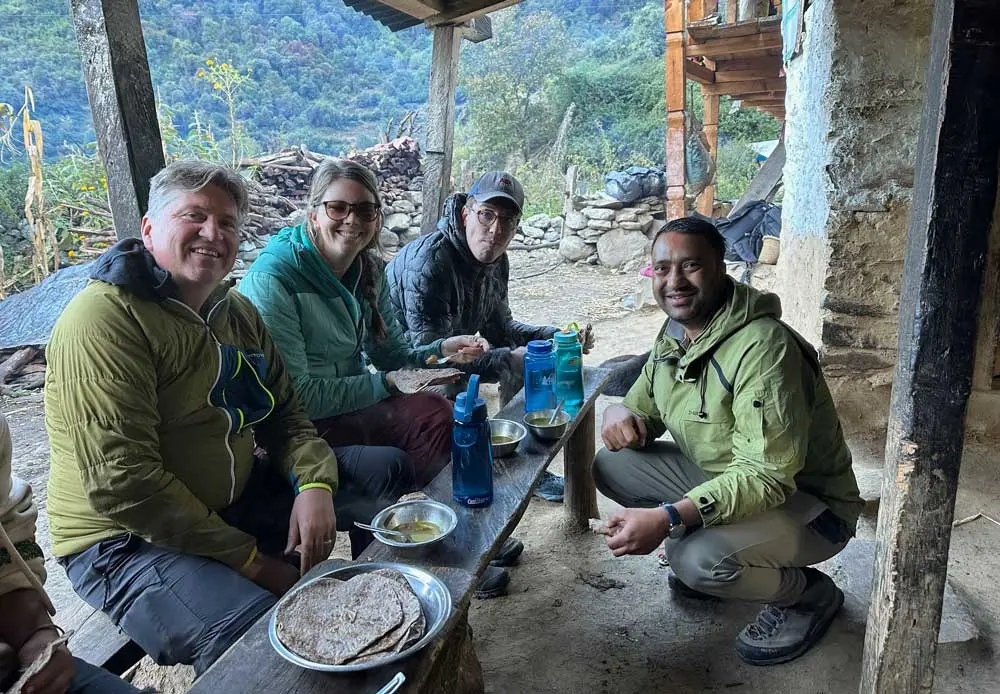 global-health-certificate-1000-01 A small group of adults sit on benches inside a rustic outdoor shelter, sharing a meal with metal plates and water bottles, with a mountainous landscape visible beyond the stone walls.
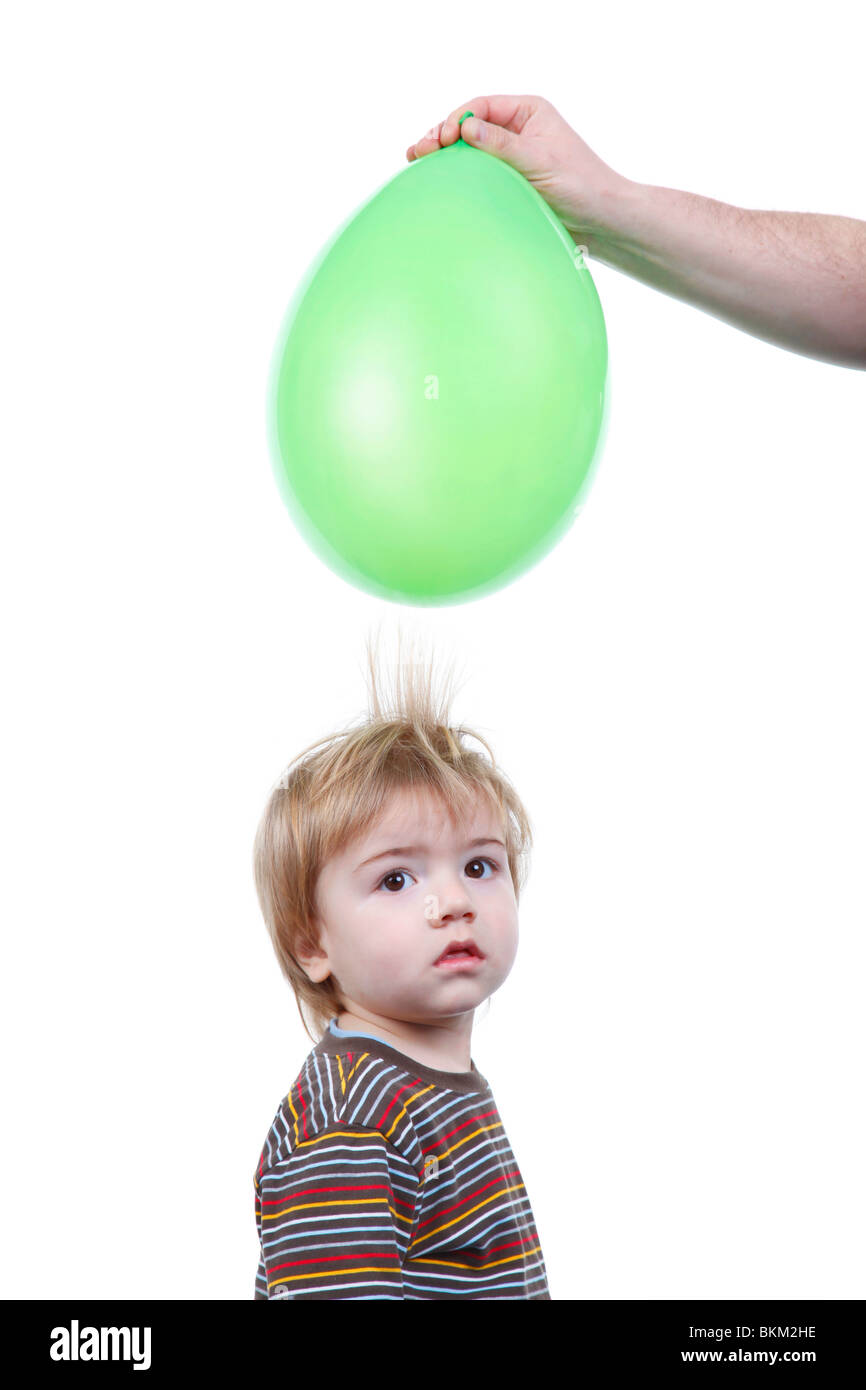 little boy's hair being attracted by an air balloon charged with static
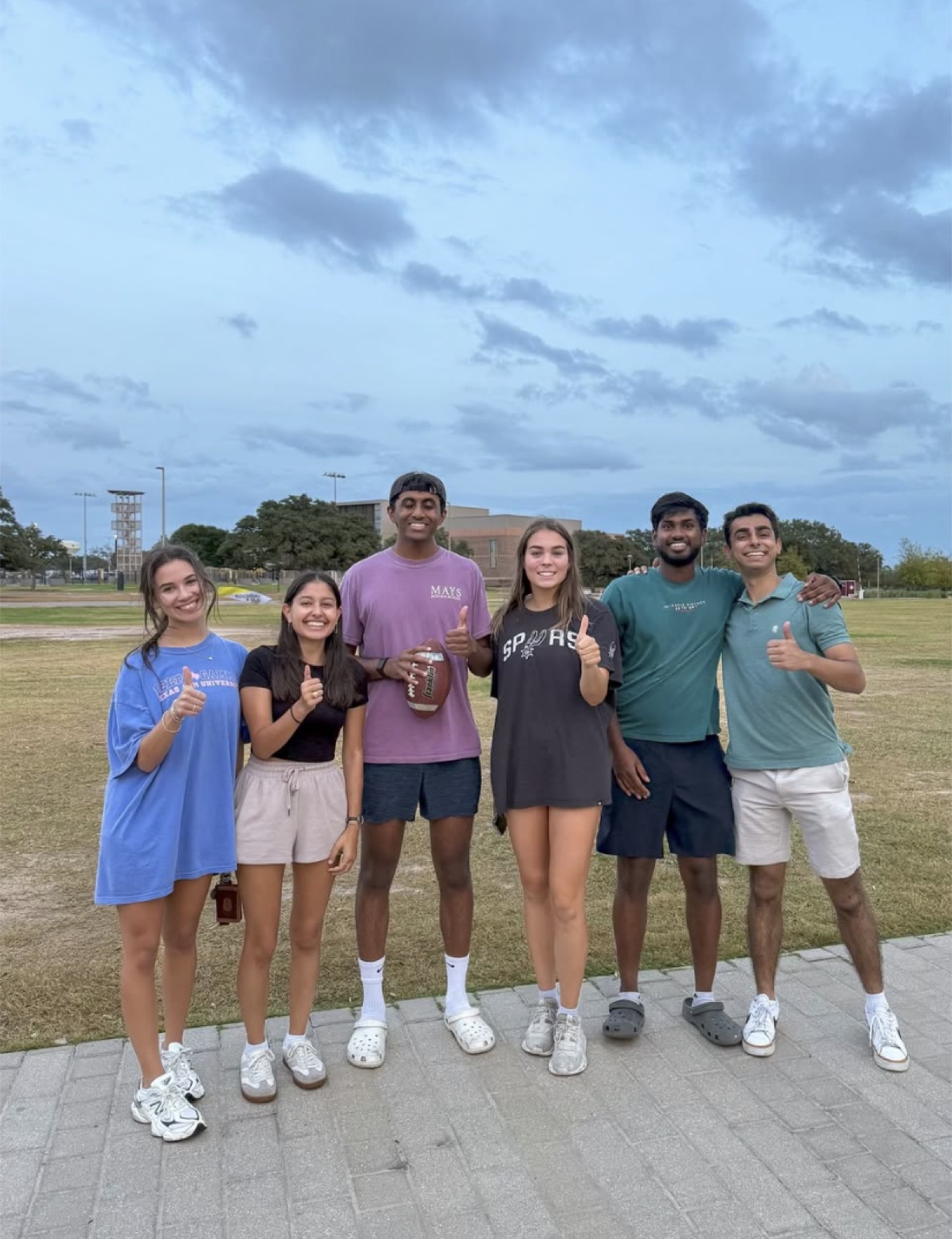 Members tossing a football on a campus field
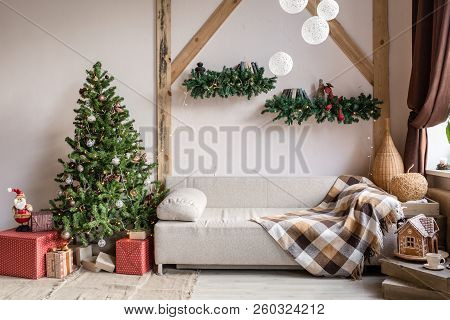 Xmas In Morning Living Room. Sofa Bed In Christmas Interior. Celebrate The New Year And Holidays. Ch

Directions for this task:
Transcribe exactly, and without any pictures, each line from the one that holds "Members tossing a football on a campus field" through the final line of the material above.

Reply to the exercise:
 Members tossing a football on a campus field
 Xmas In Morning Living Room. Sofa Bed In Christmas Interior. Celebrate The New Year And Holidays. Ch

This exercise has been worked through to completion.